The screenings of the seven films of the 14th British Film Festival launched in Moscow cinema on 20 February were held in overcrowded halls. Each film was screened three times a day. Film translations were provided in subtitles that made it a little difficult to understand the films. But that fact didn’t prevent people from showing great interest towards the festival. Judging from the attitude and assessment of the audience the festival organizers have managed to implement their slogan: “Best of Britain”.
On the last day of the British Film Festival two film were screened in the Small Theatre of Yerevan: ”Queens of Syria” and “Maxine Peake Hamlet”.
Having the intention to touch upon the issues of Syria as the most heated war zone the organizers of the festival offered a move performance to the Armenian audience. Though this format is not common in Armenia, such version is known to us from TV Theatre. Let us recall the William Saroyan’s performance “My Heart’s in the Highlands” that was shot before and now is available on You tube. Unlike Vardan Achemyan’s performance the move performance “Queens of Syria” is also a documentary evidence. Syrian refugee women who have survived the war tell about their feelings and the sufferings they have experienced. They miss their homes and their relatives whom they have lost or have had to leave. The director is staging the stories of the Syrian women, but unlike theatre where the players are actors, in this case there are no actors: the women embody themselves and present the tragedy of an immigrant deprived of his homeland to the audience as eye witnesses. The authors of this movie performance have intended to stage the events taking place today. By combining the cinema and theatre they have taken these women not to the film shooting area but to the theatre to present the stories of their distorted destinies on the stage.
The British Film Festival has also turned to the 400th anniversary of Shakespeare’s death and the movie performance “Maxine Peake Hamlet” shown in Small Theatre marked that event.
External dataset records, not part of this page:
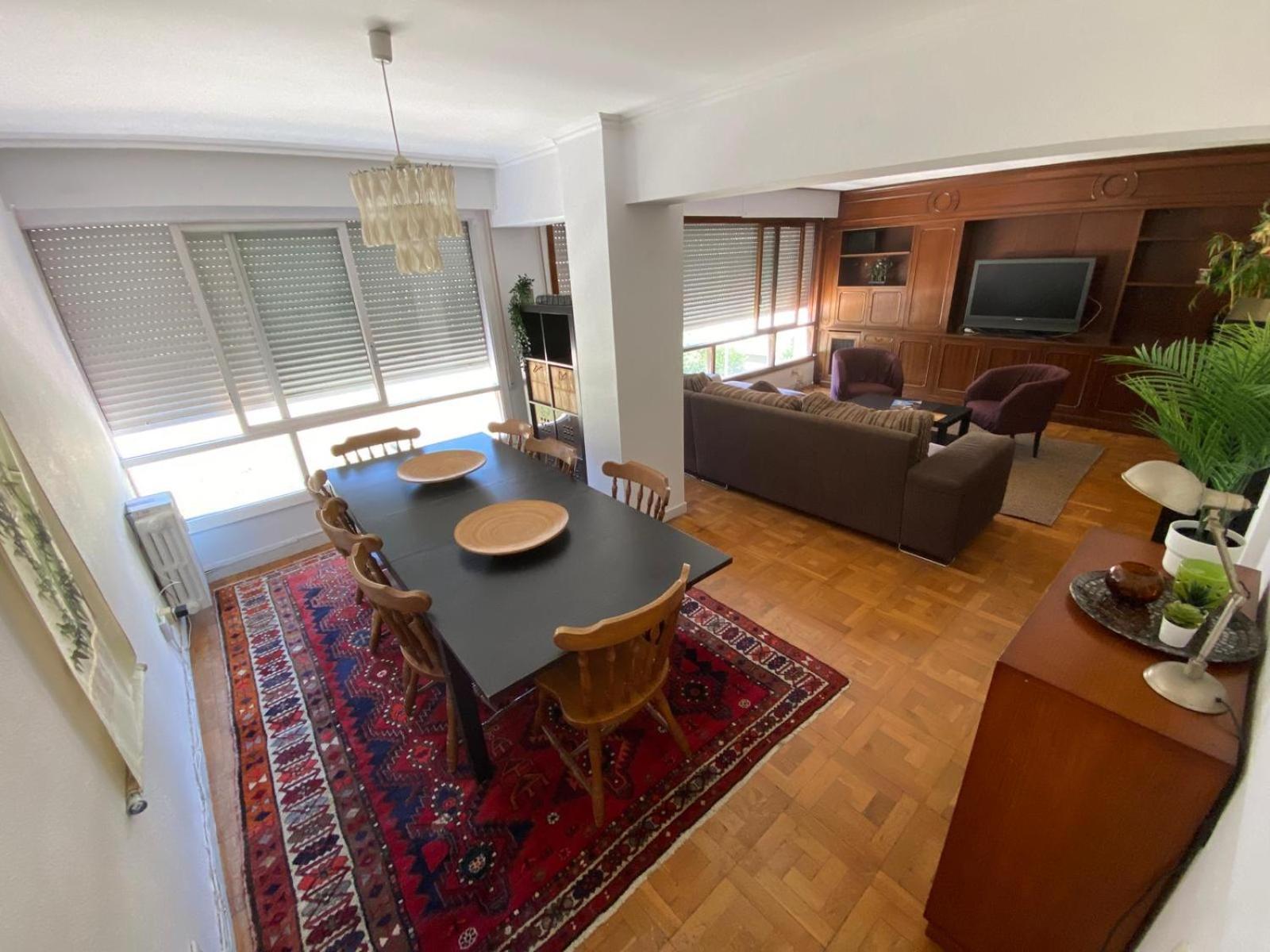 Apartamento Piso En El Centro De Parking Incluido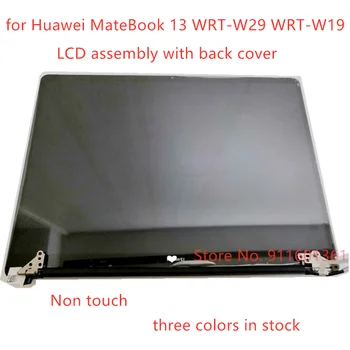 Нов оригинален 13-инчов лаптоп с IPS-дисплей в събирането на 2160x1440 за Huawei MateBook 13 WRT-W29 WRT-W19 подмяна на дисплея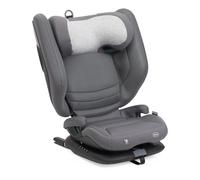 Chicco Fold&Go S i-Size (ECE R129/04), Seggiolino Auto 100-150 cm, con Connettori Rigidi Isofix, Bambini 3-12 anni, Reclinabile e Pieghevole, Protezione Laterale, Altezza e Seduta Regolabili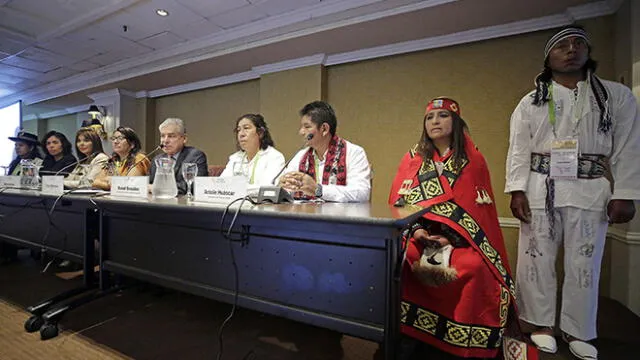 Cumbre de las Américas: Villanueva valora presencia de pueblos indígenas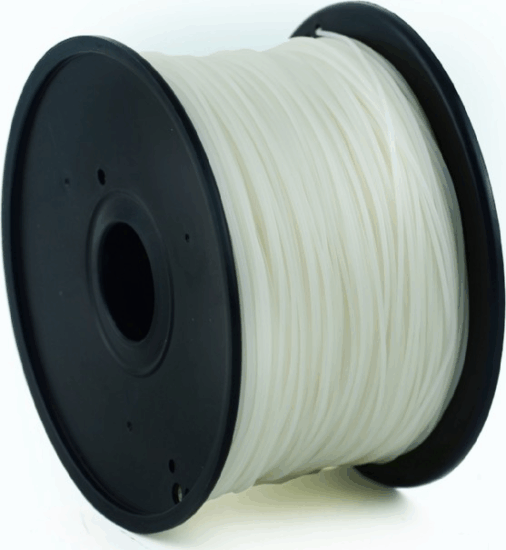 Gembird 3DP-ABS3-01-NAT Filament ABS 3mm 1kg - Natúr
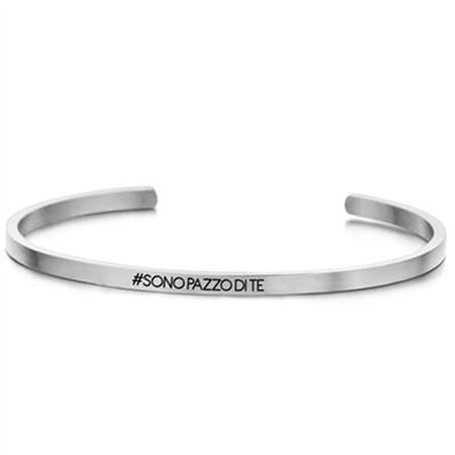 Bracelet Femme CO88 Collection 8CB-19022 Argenté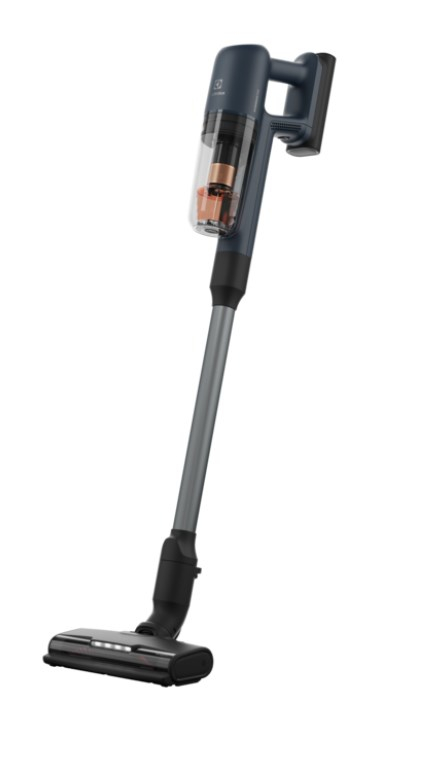 Electrolux EP71B14WET stick vacuum/electric broom Battery Dry&wet Bagless 0.3 L Blue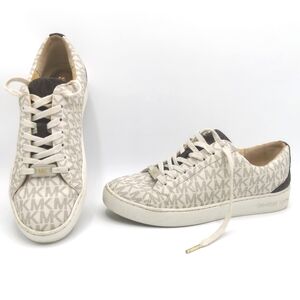 SIZE 7M Casual Sneaker by MK Michael Kors EUC B60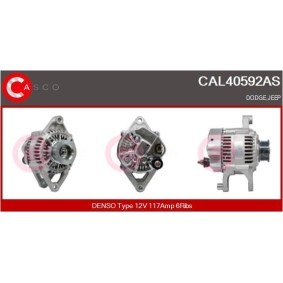 Lichtmaschine CAL32114OS von CASCO günstig für 304,73 € online kaufen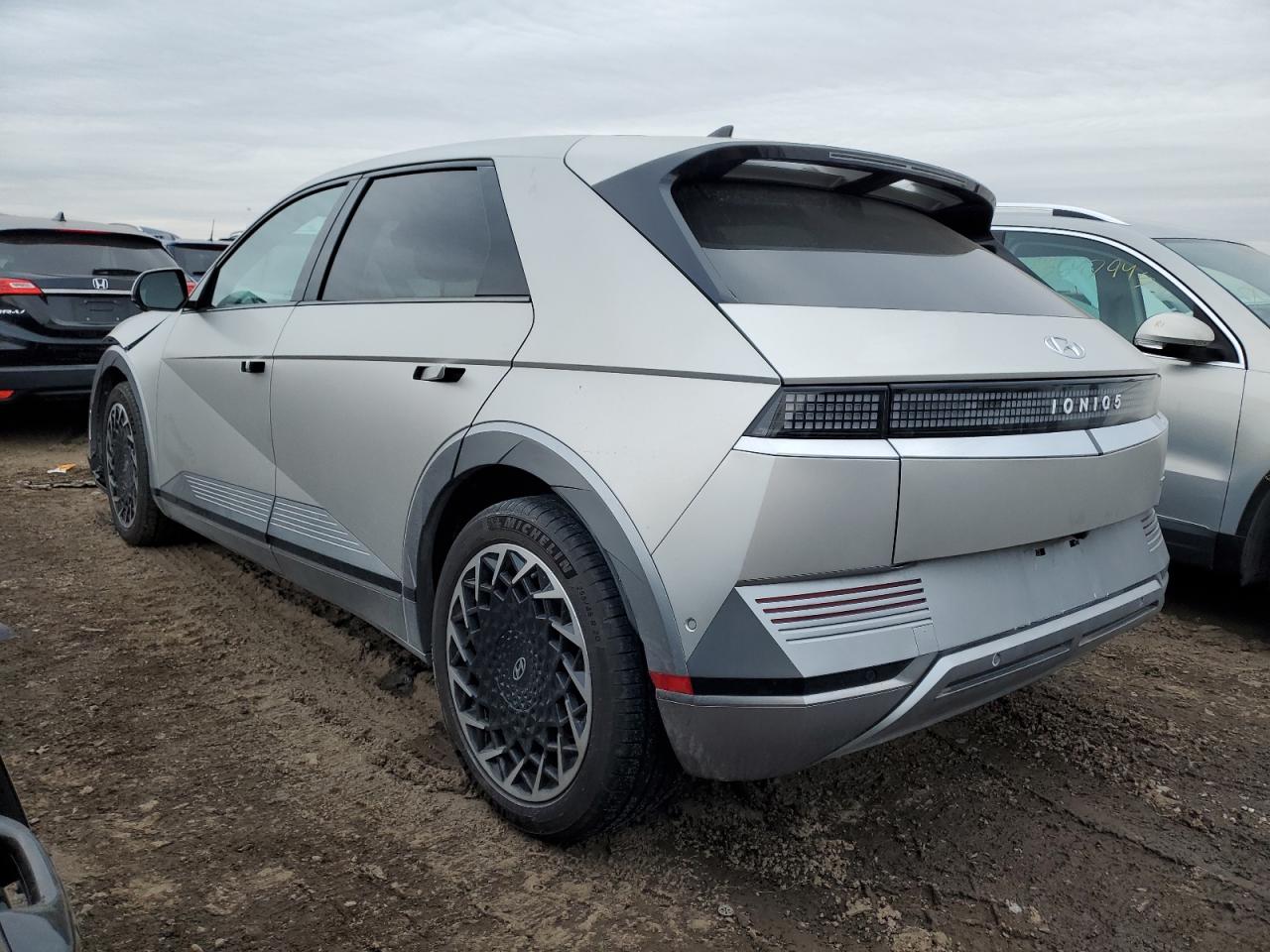 2023 HYUNDAI IONIQ 5 LIMITED VIN:KM8KRDAF9PU200432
The modern performance of “Hamlet” was shown right in front of the spectators and not on the stage. Without decorations, painting, clothes and domestics of Shakespeare period the authors of the performance have presented the drama in an unusual interpretation and approach. The topic of Shakespeare’s play has been preserved: mean betrayal and crime which Hamlet is unaware of, but the visible and tangible ghost of his father reveals the secret to him and his soul seeks revenge. In a room-size square area decorated with a few chairs and lamps the paly heroes developed the story and brought it to its settlement. The cameras have managed to capture the emotions of the characters, the reflection of the inner world in the eyes and even their smile.
Both ”Queens of Syria” and “Maxine Peake Hamlet” are succeeded as a film and as a performance. Certainly, in this way it has become possible to take the theatre to different parts of the world just by using a piece of white poster.